Since that worked so well, the Russians tried the same trick with the Democratic National Committee.

POINT #4:  Did (or does) the DNC  train its people on phishing?

And then, being successful beyond their dreams, they tried the same trick with the Democratic  Congressional Campaign Committee.

POINT #5:   I am not even going to ask.

By mid June, the first leak had been identified and the DNC emails started coming to light.

I assume that others started to panic at this point and those who didn’t use email (like Trump, apparently) were laughing.

The group that orchestrated this is known as APT 28 or Fancy Bear, but there is nothing fancy about this attack.  In fact, a fifth grader could have likely done it.

In a rare display of political annoyance, the White House definitively said last week that Russia did this.  There was no beating around the bush.  The Department of Defense piled on.  I am sure that there is a fair bit of classified evidence, but apparently, the government was convinced enough to publicly blame Putin.

If you want more details, please read the Buzzfeed article below, but for the purposes of this post, this is sufficient.

After reading this, I have a few thoughts and those thoughts apply to everyone – political parties on any side of the fence, businesses or private citizens.

THOUGHT #1 : Email is private – until you hit the send button.  Beyond that, all bets are off.

THOUGHT #2: If you would be concerned, embarrassed or thrown in jail if that email appeared on the front page of the New York Post (or Wall Street Journal), DO NOT SEND IT!  You just cannot guarantee what will happen after you hit the send button.

THOUGHT #3:  At the very least, a private email server gives you some more control and the ability to monitor traffic.  BUT ONLY IF YOU DO IT RIGHT.  It is 10 times easier to do it wrong than to do it right.

THOUGHT #4: Encrypted email (and I don’t mean SSL based web mail) also helps, but again, the devil is in the details.  I have a few patents with my name on them in this area, so I think I understand the problem, what works and what doesn’t work.

THOUGHT #5: Training is critical.  Really.  Human beings are always the weak spot.  Period.  Invest in training.

THOUGHT #6: Monitoring and alerting is the next most critical thing.  If, by chance, the Ruskies accidentally logged in from Russia, alarm bells should have gone off.  There is no monitoring for users of GMail.  You are on your own.

THOUGHT #7:  I like Sergey Brin and Larry Page.  Google is a great search engine.  Not so much is it a great enterprise email solution, even though they would argue with me.  Vehemently.  But then, I am calling their baby ugly.  U.G.L.Y!  Sorry.

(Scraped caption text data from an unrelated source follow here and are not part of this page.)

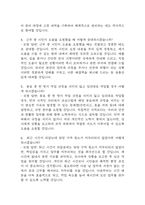 (환경미화원 면접기출) 환경미화원 면접 기출 60문항과 답변 정리-14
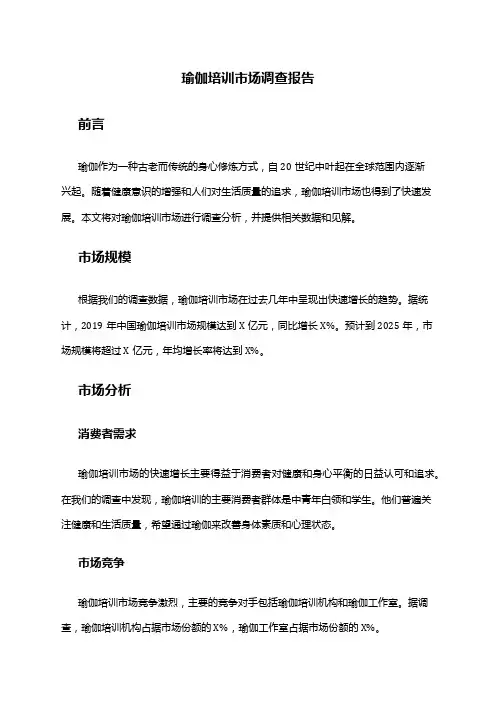 2024年瑜伽培训市场调查报告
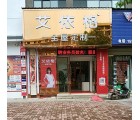 艾依格全屋定制江西上饒鄱陽專賣店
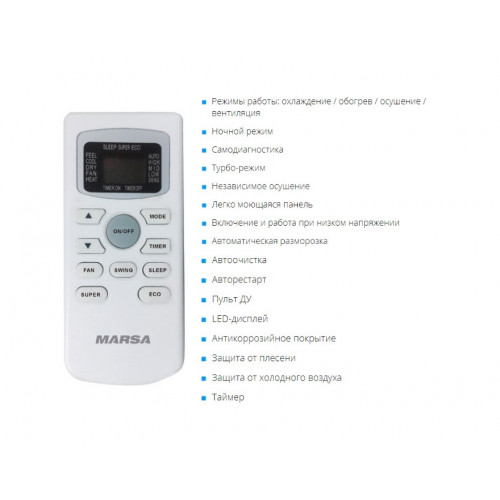 Сплит система Marsa RK-24MTI inverter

THOUGHT #8, 9 and 10:  If security and privacy is important to your organization – and they may not be – then treat it that way.  Find the expertise and hire it (#8).  Listen to what they tell you to do (#9).  And tell your users that this is not a democracy and they don’t get a vote on whether or not to follow the security policies (#10).

I know that is harsh, but the question is, is security and privacy important to you.

Information for this post came from Buzzfeed.